Showing posts with label address verification. Show all posts
Showing posts with label address verification. Show all posts

Saturday, October 16, 2010

Is 99.8 % data accuracy enough?

Ripped from recent headlines, we see how even a .2% failure can have a big impact.

WASHINGTON (AP) ― More than 89,000 stimulus payments of $250 each went to people who were either dead or in prison, a government investigator says in a new report.

Let’s take a good, hard look at this story. It begins with the US economy slumping.  The president proposes and passes through congress one of the biggest stimulus packages ever. The idea is sound to many; get America working by offering jobs in green energy, shovel-ready infrastructure projects. Among other actions, the plan is to give lower income people some government money so they can stimulate the economy.

I’m not really here to praise or zing the wisdom of this. I’m just here to give the facts. In hindsight, it appears as though it hasn’t stimulated the economy as many had hoped, but that’s beside the point.

Continuing on, the government issues 52 million people on social security a check for $250. It turns out of that number nearly 100,000 people were in prison or dead, roughly 0.2% of the checks. Some checks are returned, some are cashed. Ultimately, the government loses $22.3 million on the 0.2% error.

While $22.3 million is a HUGE number, 0.2% is a tiny number.  It strikes at the heart at why data quality is so important.  Social Security spokesman Mark Lassiter said, "…Each year we make payments to a small number of deceased recipients usually because we have not yet received reports of their deaths."

There is strong evidence that the SSA is hooked up to the right commercial data feeds and have the processes in place to use them.

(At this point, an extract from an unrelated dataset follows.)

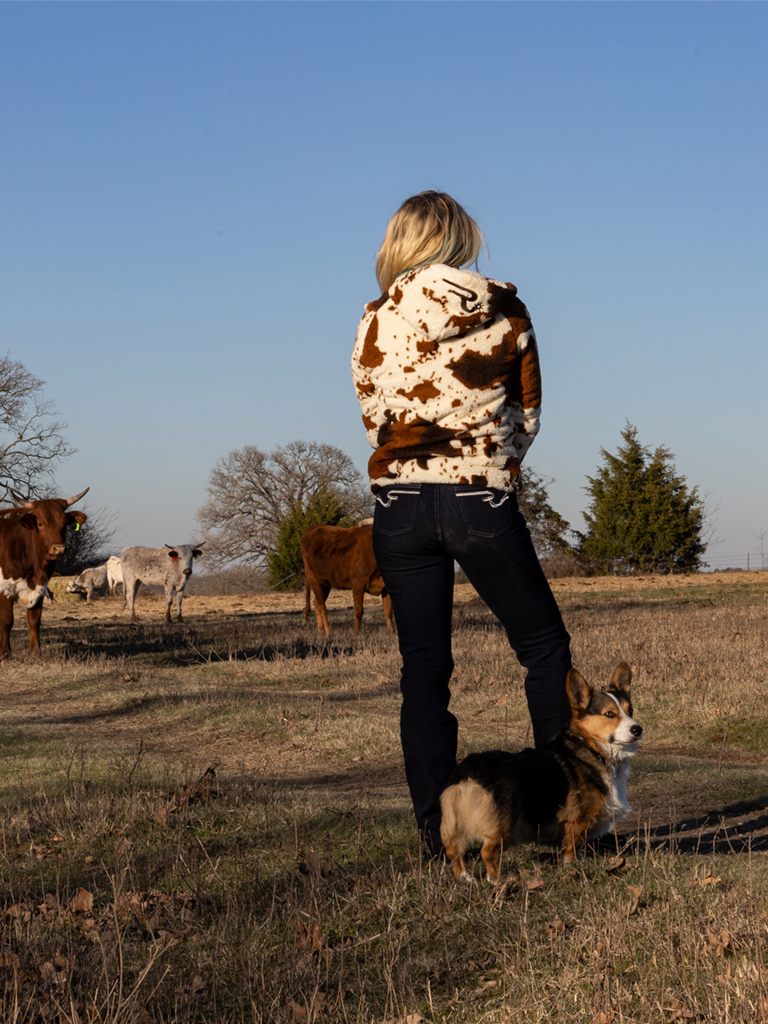 Ranch Girls Sherpa Fleece Half Zip ZOE cow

It seems as though the social security administration is quite proactive in their search for the dead and imprisoned, but people die and go to prison all the time. They also move, get married and become independent of their parents.

If we try to imagine what it would take to achieve closer to 100% accuracy, it would take up-to-the-minute reference data. It seems that the only real solution is to put forth legislation that requires the reporting to the federal government any of these life changing events. Should we mandate the bereaved or perhaps funeral directors to report the death immediately in a central database? Even with such a law, there still would be a small percentage of checks that would be issued while the recipient was alive and delivered after the recipient is dead. We’d have better accuracy for this issue, but not 100%

While this story takes a poke at the SSA for sending checks to dead people, I have to applaud their achievement of 99.8% accuracy. It could be a lot worse America.  A lot worse.

Monday, February 22, 2010

Referential Treatment - The Open Source Reference Data Trend

Reference data can be used in a huge number of data quality and data enrichment processes.  The simplest example is a table that contains cities and their associated postal codes – you can use an ETL process to make sure that all your customer records that contain 02026 for a postal code always refer to the standardized “Dedham, MA” for the city and state, not variations like “Deadham Mass”  or “Dedam, Massachusetts”.

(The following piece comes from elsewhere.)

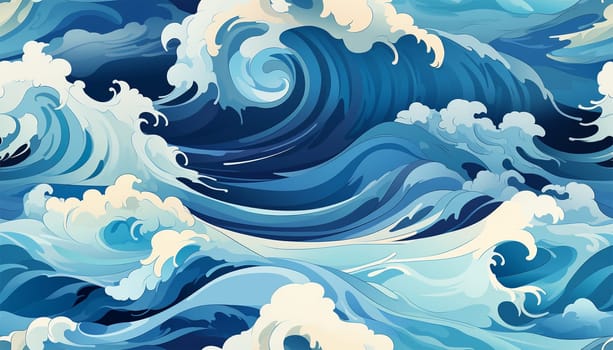 Sea waves pattern background. Waves pattern. Classic japanese waves in modern design,Blue and white lines. Element for design. Storm ocean. posters and prints Copy space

Reference data is not limited to customer address, however. If everyone were to use the same reference data for parts, you could easily exchange procurement data between partners.  If only certain values are allowed in any given table, it would support validation.  By having standards for supply chain data, procurement, supply chain, finance and accounting data, processes are more efficient.  Organizations like the ISO and ECCMA are working on that.

Availability of Reference Data
In the past, it was difficult to get your hands on reference data. Long ago, no one wanted to share reference data with you - you had to send your customer data to a service provider and get the enriched data back.  Others struggled to develop reference data on their own. Lately I’m seeing more and more high quality reference data available for free on the Internet.   For data jockeys, these are good times.

GeoNames
A good example of this is GeoNames.  The GeoNames geographical database is available for download free of charge under a creative commons attribution license. According to the web site, it “aggregates over 100 different data sets to build a list containing over eight million geographical names and consists of 7 million unique features whereof 2.6 million populated places and 2.8 million alternate names. The data is accessible free of charge through a number of web services and a daily database export. “

GeoNames combines geographical data such as names of places in various languages, elevation, population and others from various sources. All lat/long coordinates are in WGS84 (World Geodetic System 1984). Like Wikipedia, users may manually edit, correct and add new names.

US Census Data
Another rich set of reference data is the US Census “Gazetteer” data. Courtesy of the US government, you can download a database with the following fields:
  • Field 1 - State Fips Code
  • Field 2 - 5-digit Zipcode
  • Field 3 - State Abbreviation
  • Field 4 - Zipcode Name
  • Field 5 - Longitude in Decimal Degrees (West is assumed, no minus sign)
  • Field 6 - Latitude in Decimal Degrees (North is assumed, no plus sign)
  • Field 7 - 2000 Population (100%)
  • Field 8 - Allocation Factor (decimal portion of state within zipcode)
So, our Dedham, MA entry includes this data:
  • "25","02026","MA","DEDHAM",71.163741,42.243685,23782,0.003953
It’s Really Exciting!
When I talk about reference data at parties, I immediately see eyes glaze over and it’s clear that my fellow party-goers want to escape my enthusiasm for it.  But this availability of reference data is really great news! Together with the open source data integration tools like Talend Open Studio, we’re starting to see what I like to call “open source reference data” becoming available. It all makes the price of improving data quality much lower and our future much brighter.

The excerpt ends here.